Représentants de la nation, jurez
tous aux pieds du trône, entre les mains de votre souverain, que l'amour du
bien public échauffera seul vos âmes patriotiques ; abjurez solennellement,
déposez ces haines si vives qui depuis plusieurs mois ont alarmé la France et
menacé la tranquillité publique. Que l'ambition de subjuguer les opinions et
les sentiments par les élans d'une éloquence impérieuse ne vous entraine pas au-delà
des bornes que doit poser l'amour sacré du Roi et de la nation.
Hommes de tous les âges, citoyens
de tous les ordres, unissez vos esprits et vos cœurs, et qu'un engagement
solennel vous lie de tous les nœuds de la fraternité.
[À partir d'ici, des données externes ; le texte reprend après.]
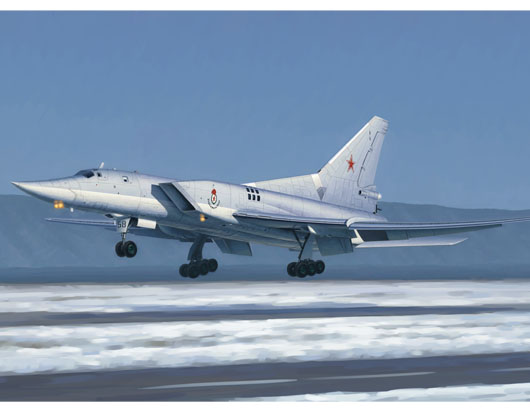 俄罗斯Tu-22M3逆火C型战略轰炸机    01656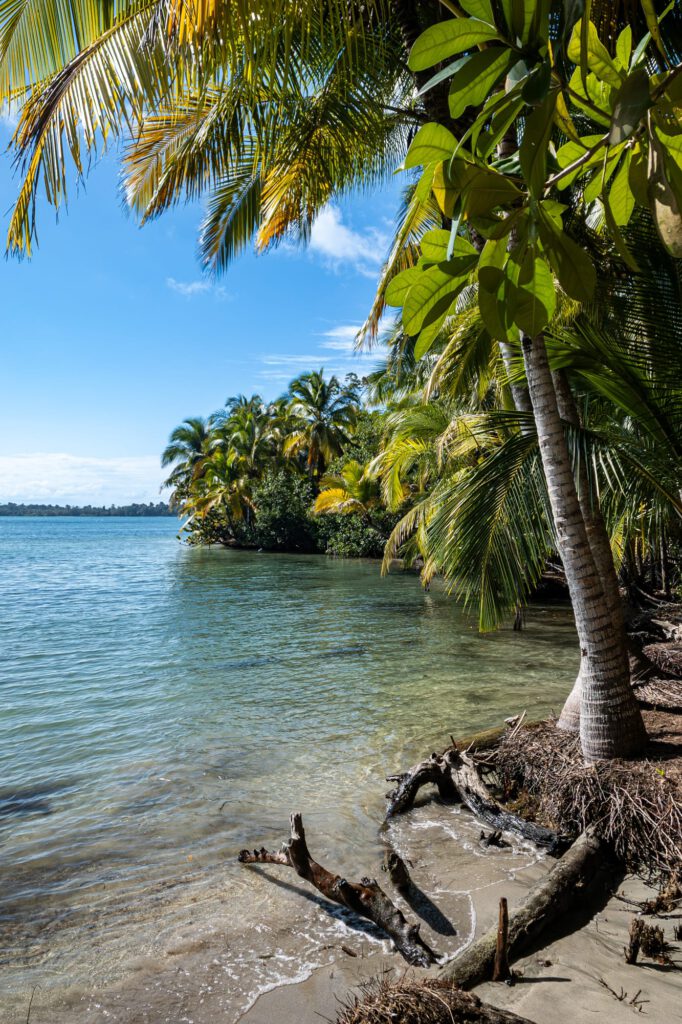 Bocas Del Toro 2024 1041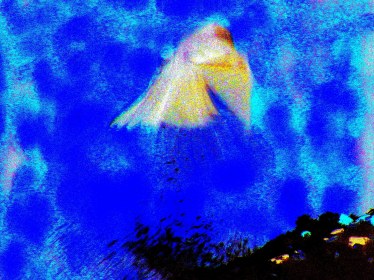 Write 28 Days: Dream Poems – Day 1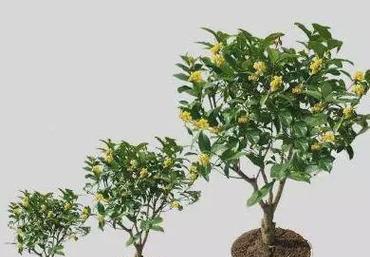 桂花养植注意事项是什么（养护桂花的技巧）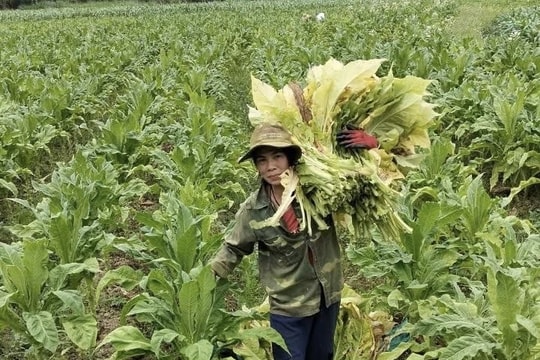 Người nông dân Cao Bằng làm mô hình lạ với 4.000m2 đất, mỗi năm đều tay thu số tiền lớn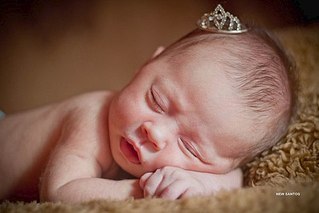click for enlarge 500 X 334  24.1 Kb picture
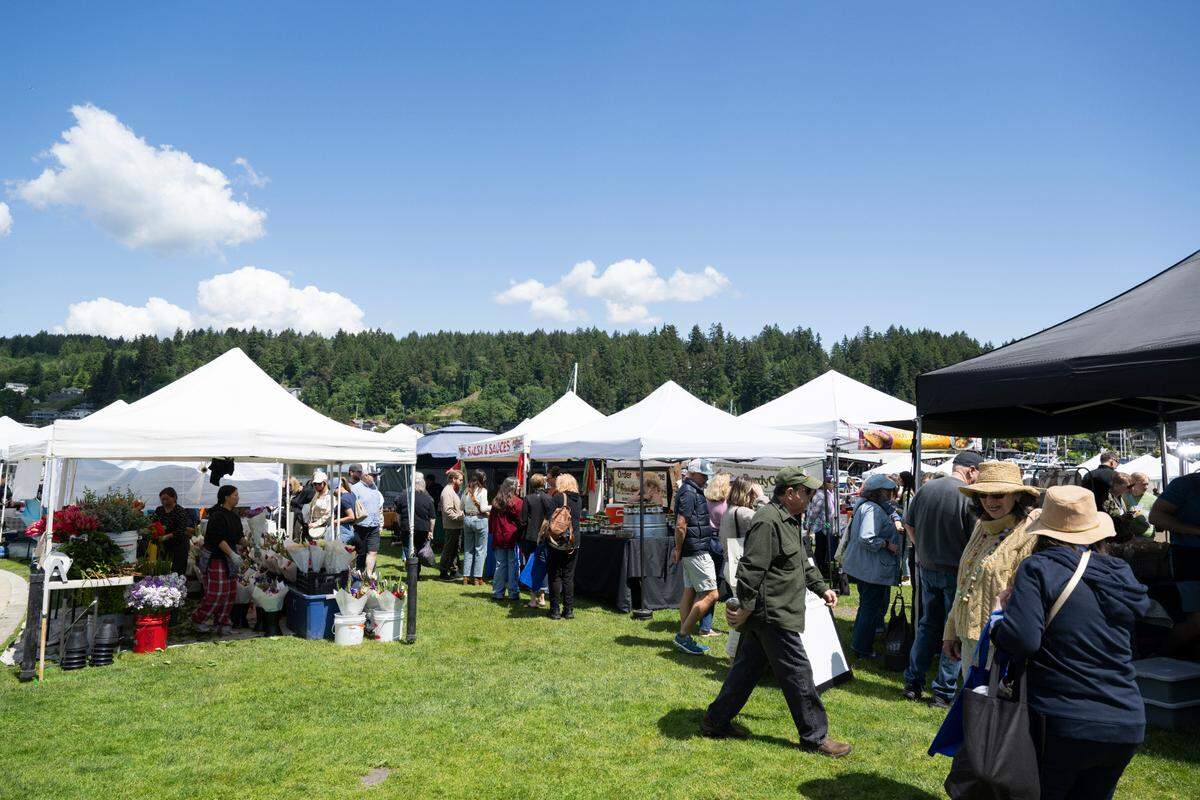 Vendors fill Skansie Brothers Park and Netshed for Waterfront Farmers Market, on Thursday, May 22, 2025, in Gig Harbor, Wash.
Enfants de la patrie que vous
représentez, écartez loin de vous toute affection, toute maxime étrangères aux
intérêts de cette mère commune ; que la paix, l'union et l'amour du bien public
président à toutes vos délibérations ; mais si quelque nuage venait altérer le
calme de vos séances , s'il était possible que la discorde y soufflât ses
poisons, c'est à vous, ministres des autels, qu'il appartient de conjurer
l'orage : vos fonctions saintes, vos titres sacrés, vos vertus et vos lumières
impriment dans les cœurs ce respect religieux d'où naît l'ascendant qui
maîtrise et dirige les passions humaines. Eh ! comment refuser aux interprètes
d'une religion pure et sublime cette vénération, ces hommages, cet empire moral
que des hommes enveloppés de ténèbres et livrés à d'extravagantes superstitions
ont toujours accordés aux ministres de leurs fausses divinités ! C'est donc sur
vous que la nation se repose en particulier du soin de ramener la paix dans
cette Assemblée, s'il était possible qu'elle s'en bannît un instant. Mais
pourquoi m'occuper du retour de la concorde, quand vous en donnerez des
exemples que les deux ordres s'empresseront d'imiter ? En effet, quelle sorte
de dévouement et quel concours patriotique ne doit-on pas attendre de ces
braves et généreux successeurs de nos anciens chevaliers, qui, prodigues envers
la France de leur fortune, de leur sang et de leur vie, n'hésitèrent jamais sur
un sacrifice que l'utilité publique avait prescrit ou consacré ? Vous suivrez
aussi ces grands exemples de désintéressement, de soumission et d'attachement à
la patrie, hommes sages et laborieux dont les travaux nourrissent, vivifient,
instruisent, consolent, enrichissent la société. Tous les titres vont se confondre
dans le titre de citoyen, et on ne connaîtra plus désormais qu'un sentiment,
qu'un désir, celui de fonder sur des bases certaines et immuables le bonheur
commun d'une nation fidèle à son monarque, si digne de vos respects et de votre
amour.
L'intention du Roi est que vous
vous assembliez dès demain, à l'effet de procéder à la vérification de vos
pouvoirs, et de là terminer le plus promptement qu'il vous sera possible, afin
de vous occuper des objets importants que Sa Majesté vous a indiqués.